HBCU Alumni are “Fulfilling The Promise” of Unlocking Potential in Baltimore Youth

Baltimore’s nickname is “Charm City’ but outsiders would see little charming about East Baltimore and its surrounding neighborhood. Yet beneath its rugged exterior lies an amazing story about young black professionals trying to make a difference.

Denise Parker, CEO of Fulfilling the Promise Consulting and graduate of Coppin State University has joined with videographer Jimmie Thomas, graduate of Florida A&M University, to create an after-school video production program at East Baltimore Community School. The two, along with Clarice Griffin and Lisa Brown-Hall, have put their creative resources to use to help inner city youth at East Baltimore Community School create documentaries based on their school and neighborhood.

Parker, a product of East Baltimore, the very city that everyone associates with The Wire, created Fulfilling the Promise with the intention on wanting to give back to her community. “I could have gone anywhere to live but I chose to live in the inner city to make a difference. People invested in me as a child and I want to be able to give back.”

“While we have worked with the youth, we feel that the children are going to lead the parents into thinking bigger and brighter,” says Parker. “Ultimately, they will believe that they do not have to become products of their environment. Instead, they can build upon their surroundings to make it better.”

Jimmie Thomas, director of the EBCS documentaries and instructor of the after school program, says he wants the students to unlock their potential to a world of possibilities they didn’t know existed. “My mission is to help the kids realize that there is more that they can do. If you don’t like what’s on the Web or TV, we have the resources where you can create anything that you want to.”

The documentaries premiered on December 20th, 2011 at the American Brewery in Baltimore, Maryland to a small crowd of politicians, media professionals, and of course the students and their families. The two projects unveiled showed how the students feel about John Hopkins University making drastic changes to East Baltimore Community School, including a new building and name.

The students voiced their concern about the changes being made in their community, and why they are so proud of their school. The first documentary informed as well as entertained, as the students have the chance to express themselves through acting and dance.

For the second documentary, the students had the opportunity to interview policemen and school administrators about the school. “It takes a lot of hard work and practice,” says sixth grade student Joniyah Brinkley about making the documentary. Joniyah had the opportunity to interview East Baltimore Community School principal, Carol De Loatch. When asked about the interview, Joniyah said, “I was scared at first but I just went there and did it.”

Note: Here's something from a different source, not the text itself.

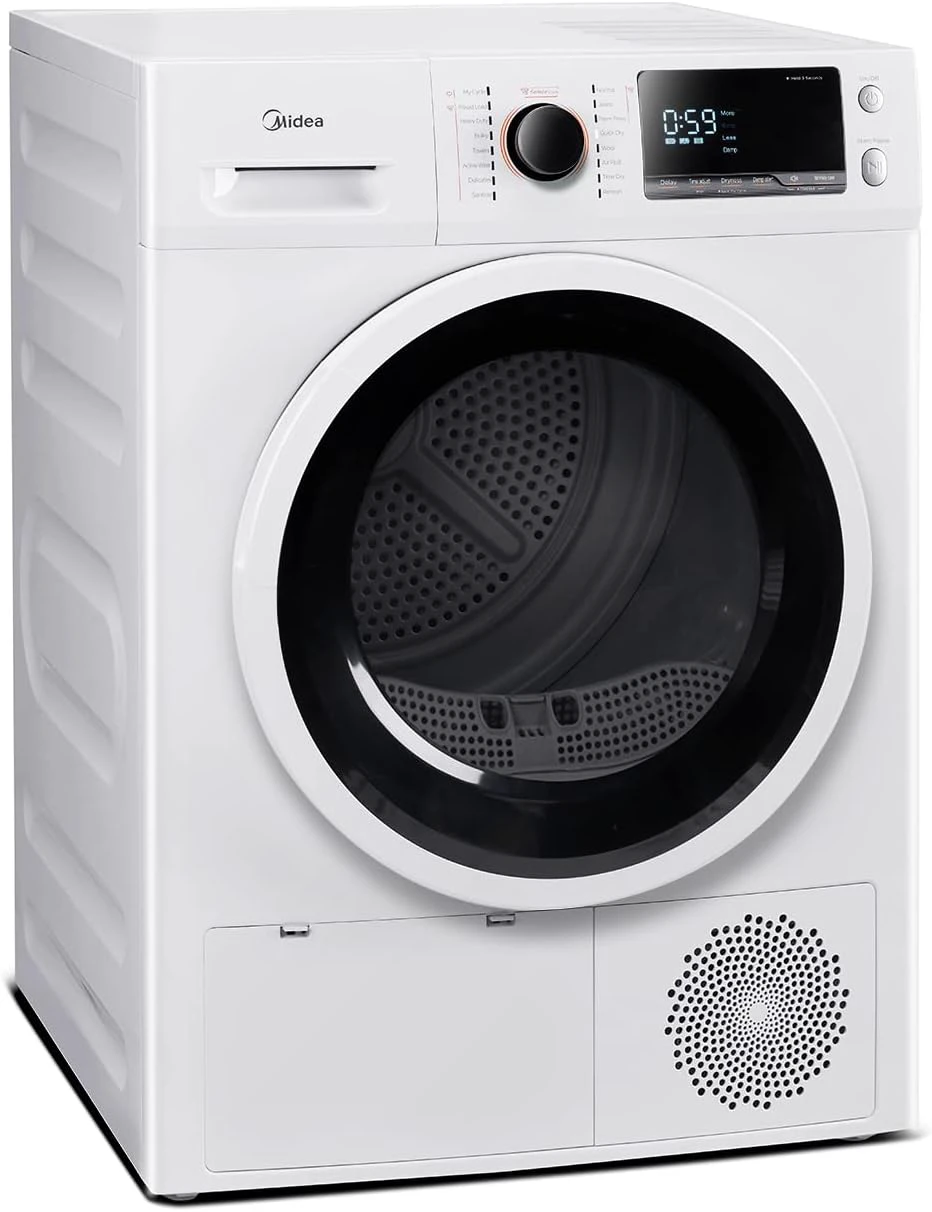 Midea MLE25H7BWW Heat Pump, Ventless Front Load Dryer Stackable Washing Machine, Energy Efficient and Space Saving, 4.4 Cu.ft, White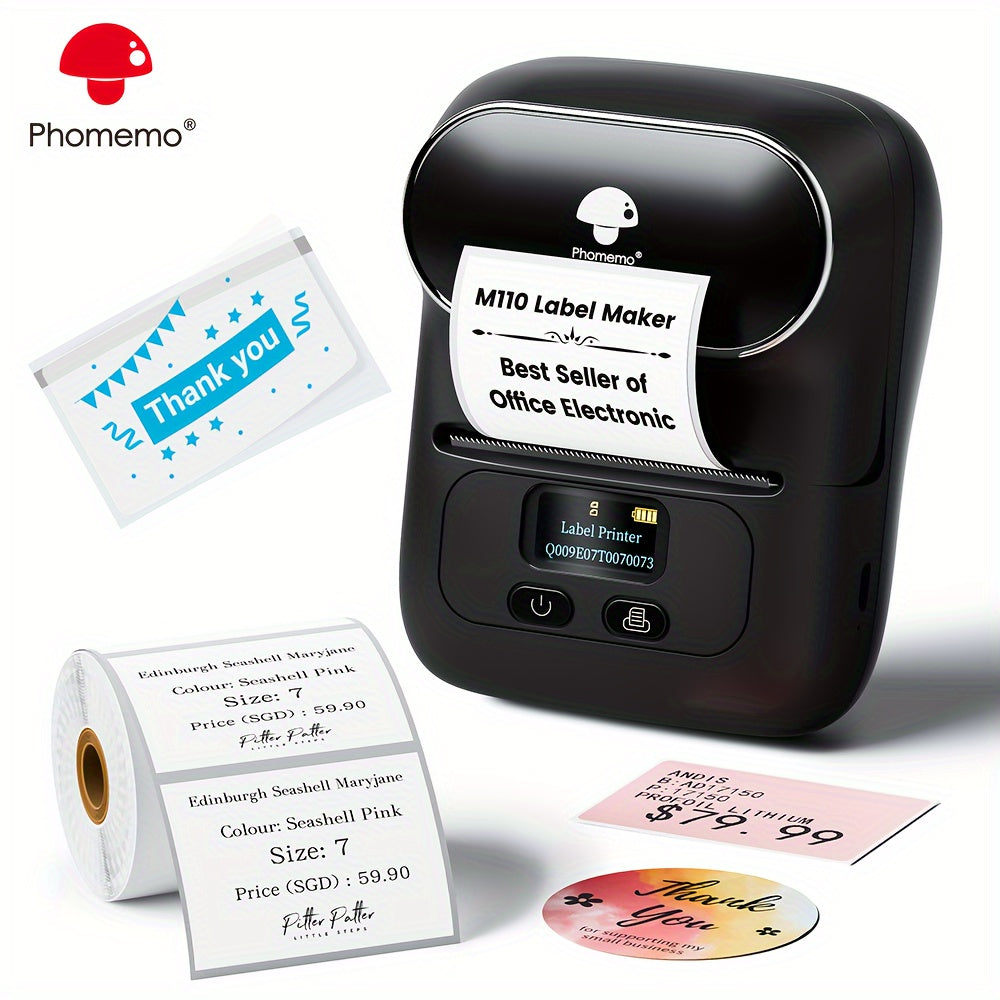 Phomemo M110 Wireless Label Printer with 40x30mm Sticker Roll, ideal for businesses and office use, with wireless connectivity for phones & PCs.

East Baltimore Community School student Antonio Faulkner is an unforgettable member of the cast, but admits to being a little shy once off-screen. “I felt good about doing the documentary. I got to express my feelings, and that was important to me.”

James Cotton, site coordinator at Elev8, has been with the same group of kids for over a year and has seen much positive change in the students. “They’re becoming young men and women, they are maturing,” says Cotton. “I started to tell them that we’re all from the same neighborhood, so why should we go fighting each other?”

Some of the middle students in the video production program are already looking ahead to college, like Eric Johnson. “The college I really want to go to is Howard.” Eric plans to be a director, so he was happy to join the video production program. “I would like to make action movies, and music videos. I want to do all kinds of things.”

Everyone left the Brewery with the sense that the community that they were in, despite the boarded houses and dangerous streets, was beginning to change. Just like the Brewery, a once old and forgotten shell of its former self, was restored through hard work and dedication. Parker and Thomas’s hard work and dedication, by unlocking the potential of East Baltimore Community students, will soon be able to see the neighborhood restored.